= Holland McCombs =

American journalist (1901–1991)

James Holland McCombs (1901 – June 29, 1991) was an American journalist. He primarily worked for Time magazine as a foreign correspondent and bureau chief.

==Early life==
Holland McCombs was born in 1901 on Woodley Farm, on land that is now the campus of the University of Tennessee at Martin in Martin, Tennessee. As a teenager, he was a reporter for the Martin Mail newspaper. He worked a number of jobs in his earlier life, including sugar chemist, field hand, semi-professional baseball player, salesman, and travel bureau operator. He attended, but dropped out of University of Tennessee at Martin.

==Career==
McCombs was hired at Time by Henry Luce in 1935 as a correspondent. He was a foreign correspondent, contributing editor, war correspondent, and bureau chief for the Southwest, Mexico, Brazil, and Argentina while with Time. In 1963, he was bureau chief in Dallas, Texas, during the assassination of John F. Kennedy. He investigated the assassination for six years and supported the one-man assassin theory and discredited the grassy knoll theory. He remained Dallas bureau chief until his retirement from Time in March 1971. He also worked for Life, Fortune, March of Time, Architectural Fortum, Letters, Sports Illustrated, Time-Life Books and Time-Life Television. He was associate editor of Fortune.

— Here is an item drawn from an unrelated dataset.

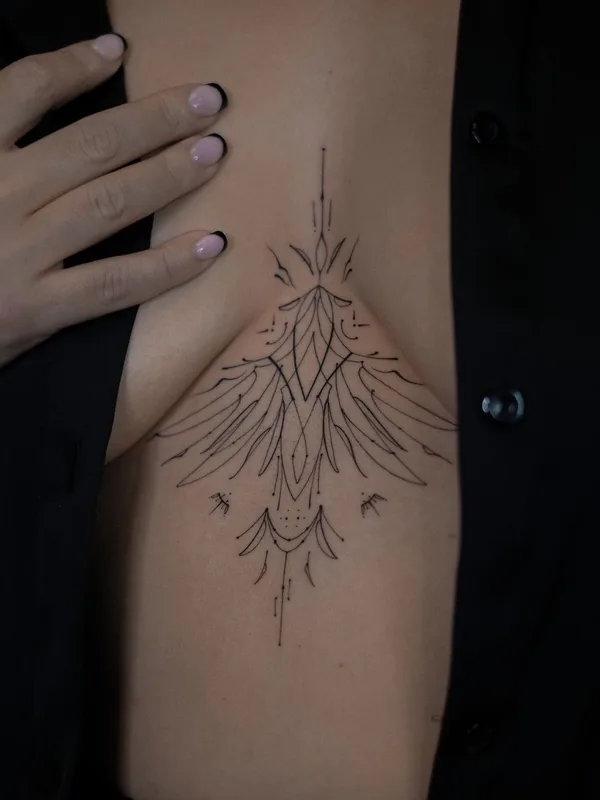 female black linework татуировка на sternum #75543 | Тату мастер Надежда Рузанова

In 1957, he collaborated on the book King Ranch with Tom Lea III.

==Personal life==
McCombs lived in San Antonio, Texas. From 1947 he was a friend of Clay Shaw. He died on June 29, 1991, aged 89, at his home in San Antonio.

==Awards and legacy==
McCombs donated to renovate the UTM Child Development Center and donated a collection of books, articles, and papers to the University of Tennessee at Martin.

The Holland McCombs Center at the University of Tennessee at Martin is named for him.